- [What is expected]:
From the line holding "Dance Costume Woman's Size" through the line holding "Rattan Pot Planter, Brown" below, write out every line exactly; include both of those lines and drop the pictures.

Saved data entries
◇ ◇ ◇

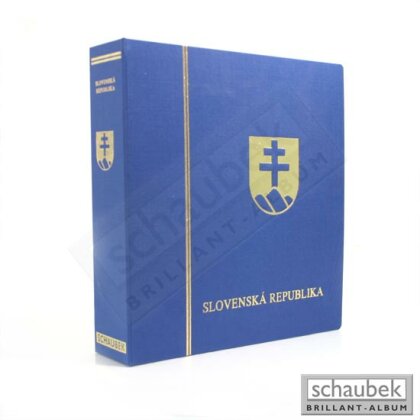 Album Slowakische Republik, Kleinbogen 1993-2009 Brillant im geprägten Leinen-Schraubbinder blau, Band I, ohne Schutzkassette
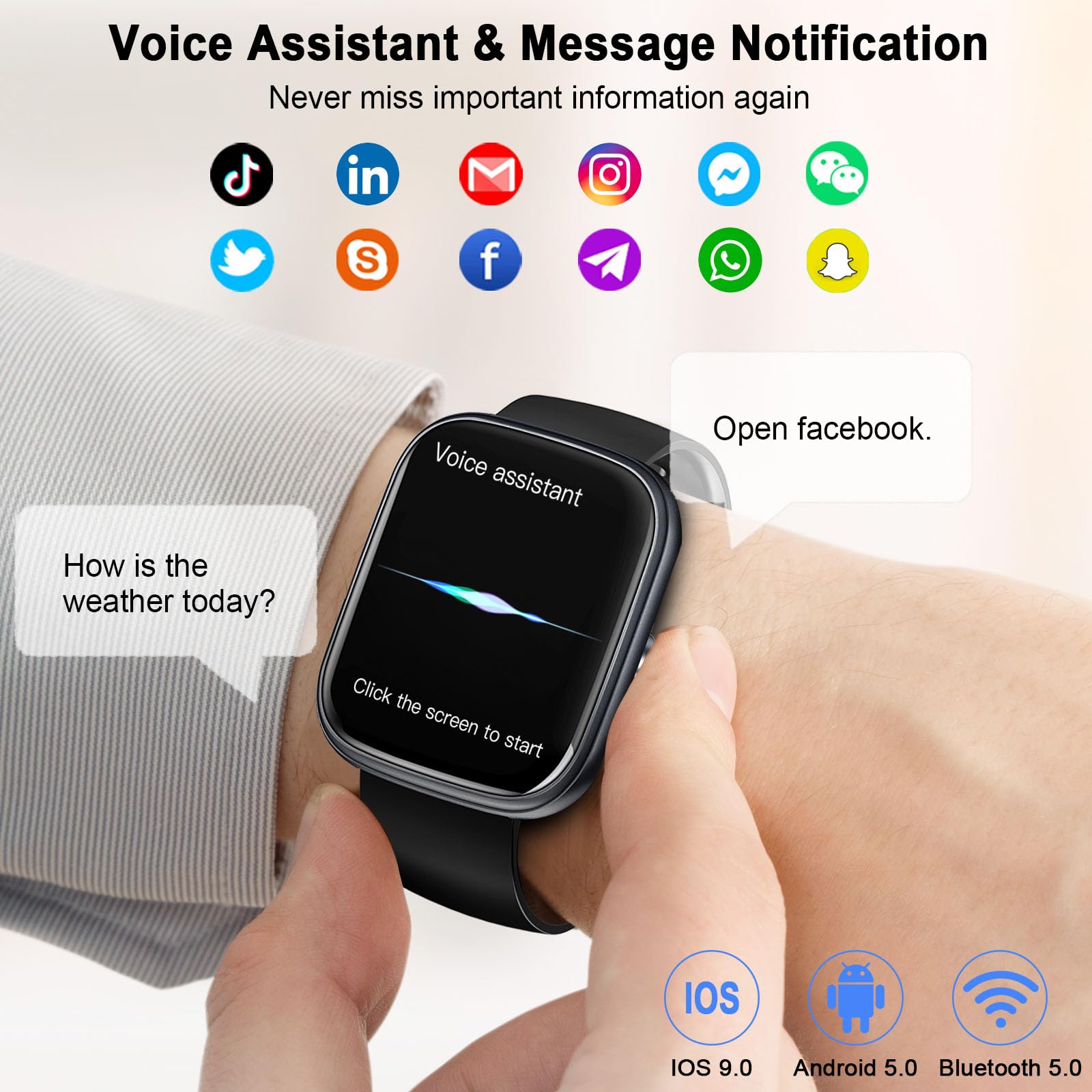 Jam tangan pintar, jam tangan  - Smartwatch Instagram ulasan dan harga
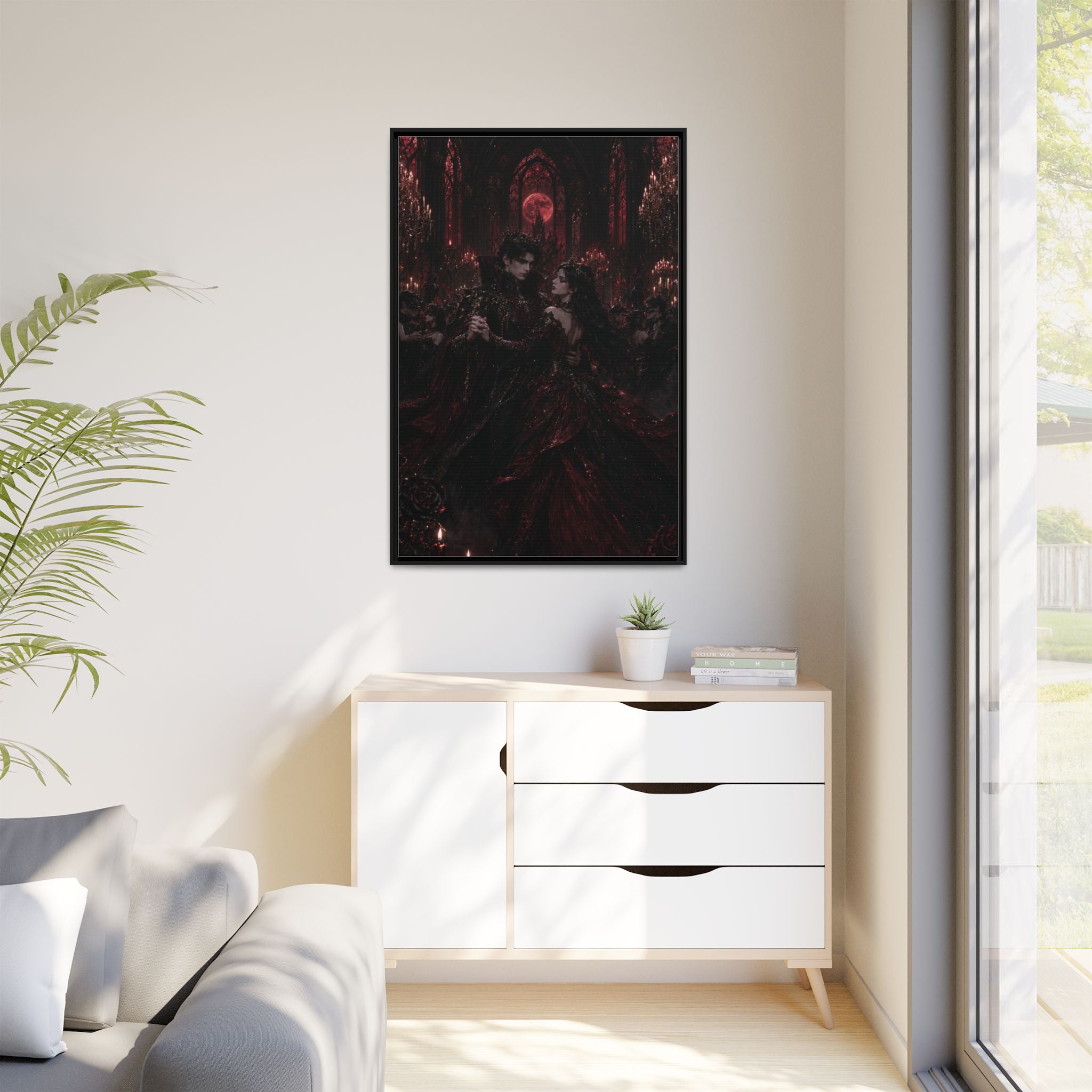 Gothic Romance Matte Canvas Print (Framed)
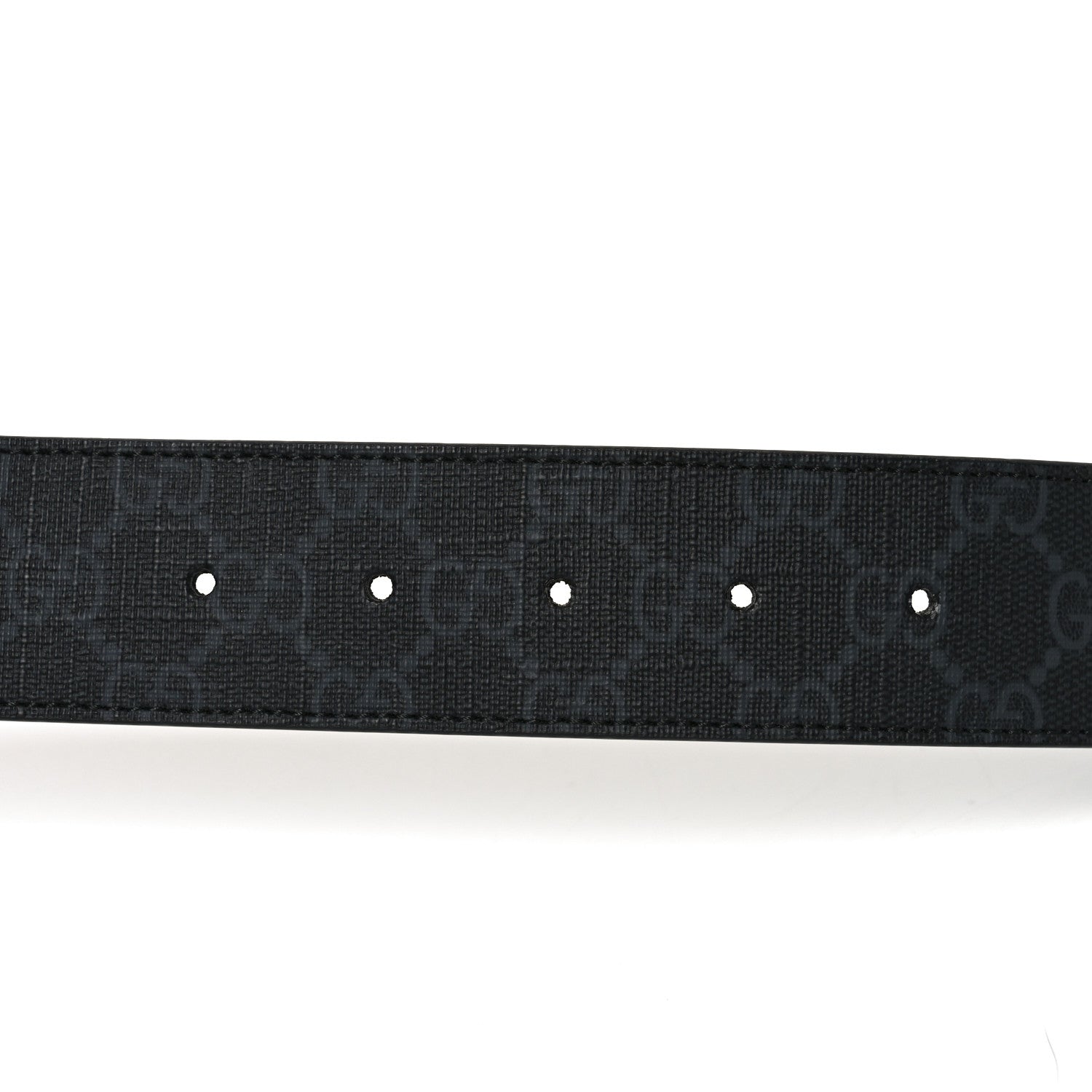 Gucci GG Supreme Monogram Blondie 40mm Belt 85 34 Black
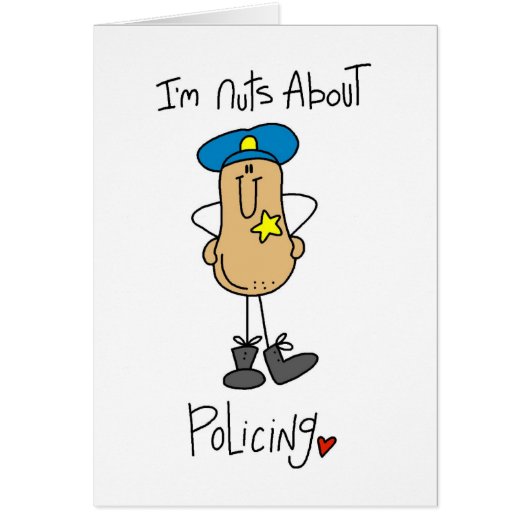 Nuts About Policing Cards (Front)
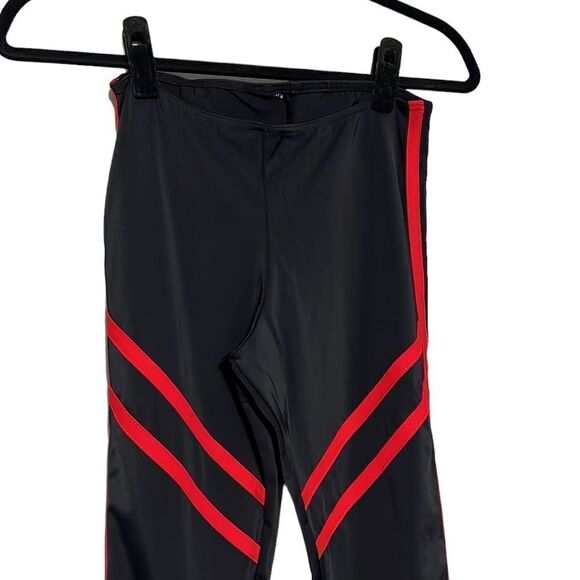 Dance Costume Woman's Size Medium Adult Weissman Black Red Stars Hip Hop Pageant - Picture 12 of 15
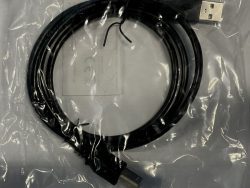 USB-A ADAPTERKABEL,  USB-B,  2.0, SCHWARZ,  1M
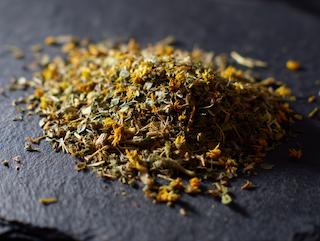 Getrocknet und bereit für Tee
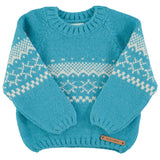 Piupiuchick Jacquard Sweater Turquoise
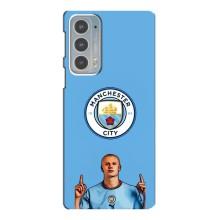 Чехлы с футболистом Ерлинг Холанд для Motorola Edge 20 (AlphaPrint) – Холанд Манчестер Сити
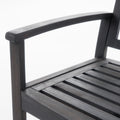 Loja Bench Dark Grey Acacia Wood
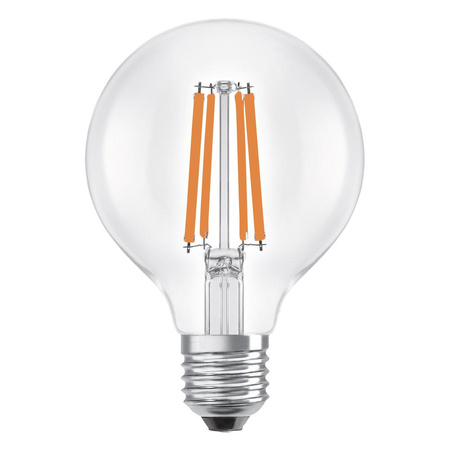 LED-Glühbirne G80 Sphere E27 2.2W = 40W 470lm 4000K Neutral 330° Filament CLASSIC ENERGY EFFICIENCY Osram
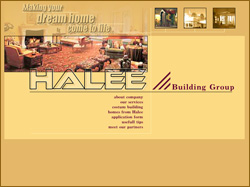 Web сайт архитектурной компании Halee Building Group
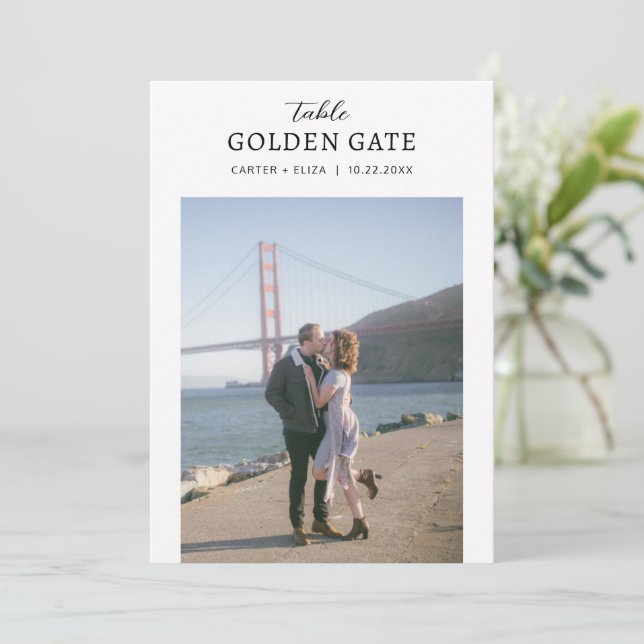 Menu Sinal de Número da Tabela de Localização de Referê (Em pé/Frente)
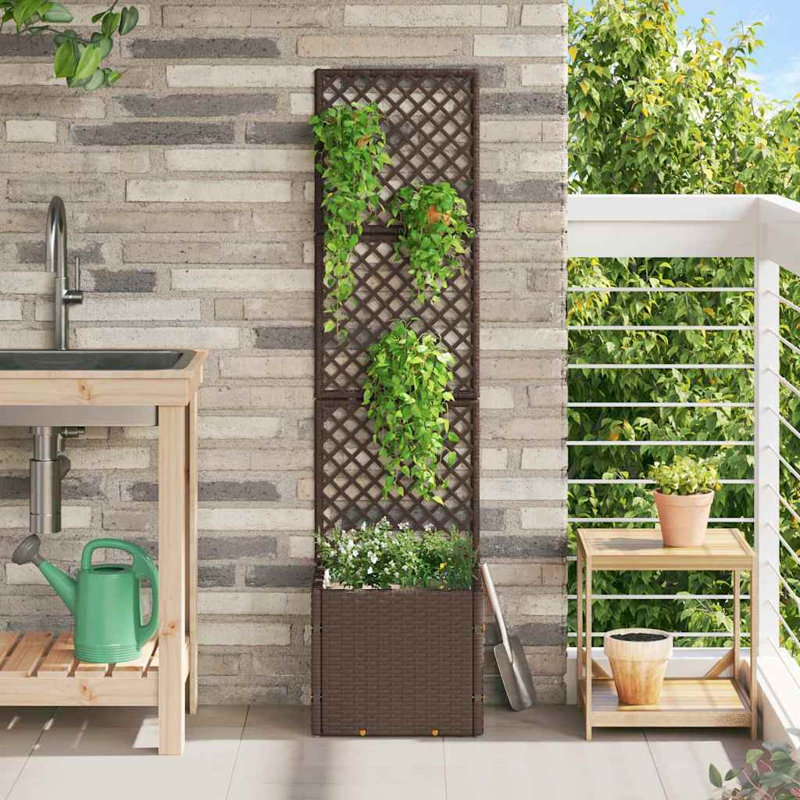 Rattan Pot Planter, Brown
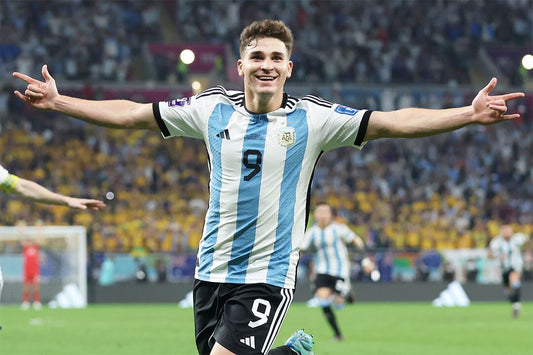 Julian Alvarez Argentina National Team World Cup Wall Art Home Poster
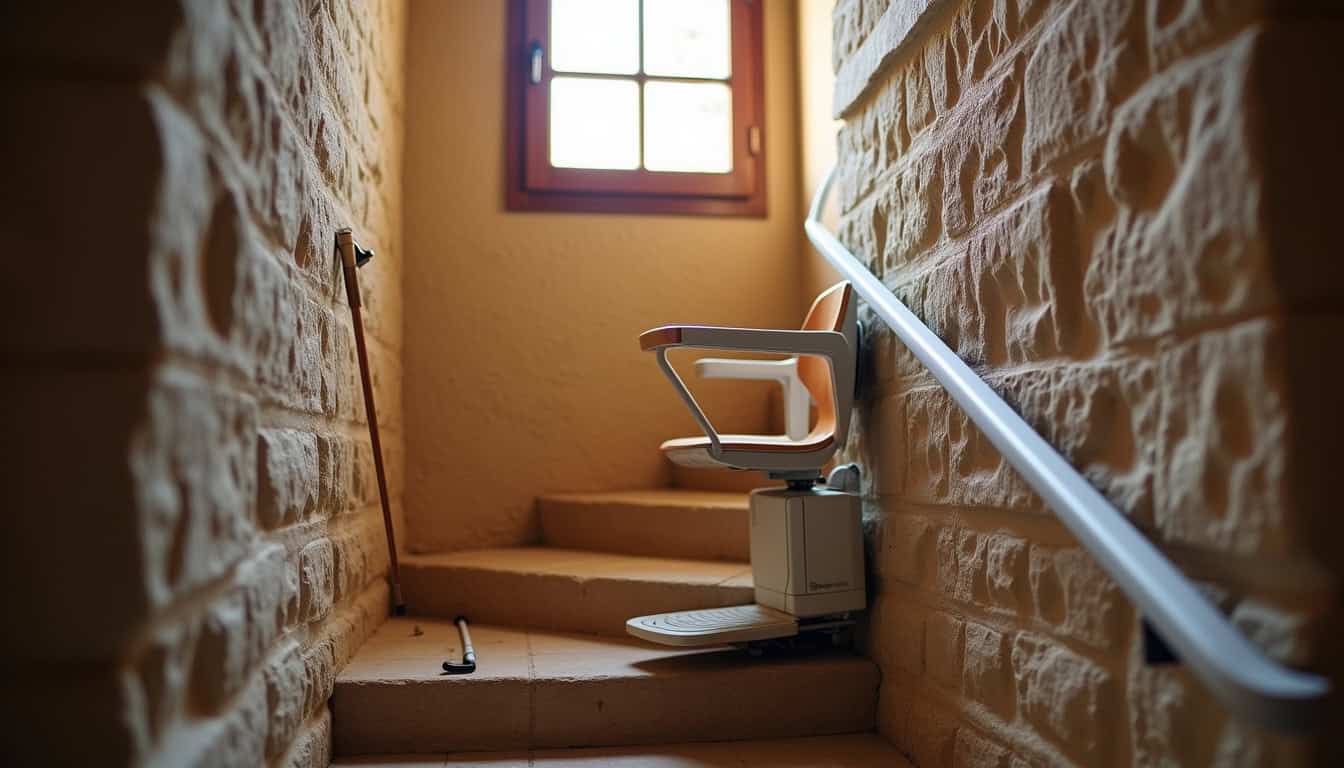 Installer un monte-escalier à Saint-Antonin-Noble-Val en 2026 : solutions et aides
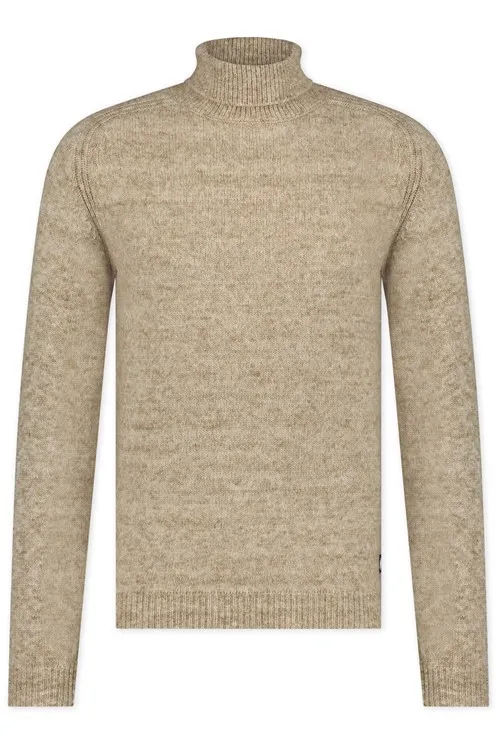 Blue Industry katoenen coltrui beige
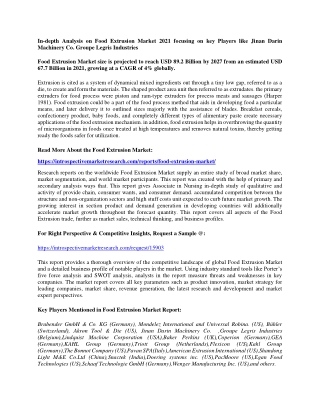 Food Extrusion Market
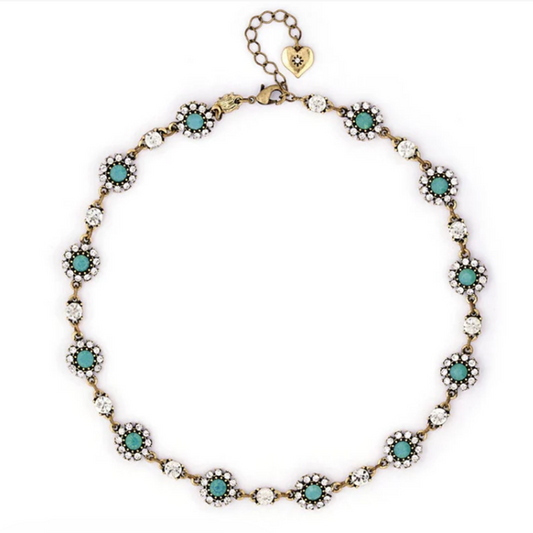 Grace Crystal Necklace Pacific Opal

◇ ◇ ◇

- [Task result]:
 Dance Costume Woman's Size Medium Adult Weissman Black Red Stars Hip Hop Pageant - Picture 12 of 15
 USB-A ADAPTERKABEL,  USB-B,  2.0, SCHWARZ,  1M
 Getrocknet und bereit für Tee
 Piupiuchick Jacquard Sweater Turquoise
 Чехлы с футболистом Ерлинг Холанд для Motorola Edge 20 (AlphaPrint) – Холанд Манчестер Сити
 Loja Bench Dark Grey Acacia Wood
 LED-Glühbirne G80 Sphere E27 2.2W = 40W 470lm 4000K Neutral 330° Filament CLASSIC ENERGY EFFICIENCY Osram
 Web сайт архитектурной компании Halee Building Group
 Menu Sinal de Número da Tabela de Localização de Referê (Em pé/Frente)
 Rattan Pot Planter, Brown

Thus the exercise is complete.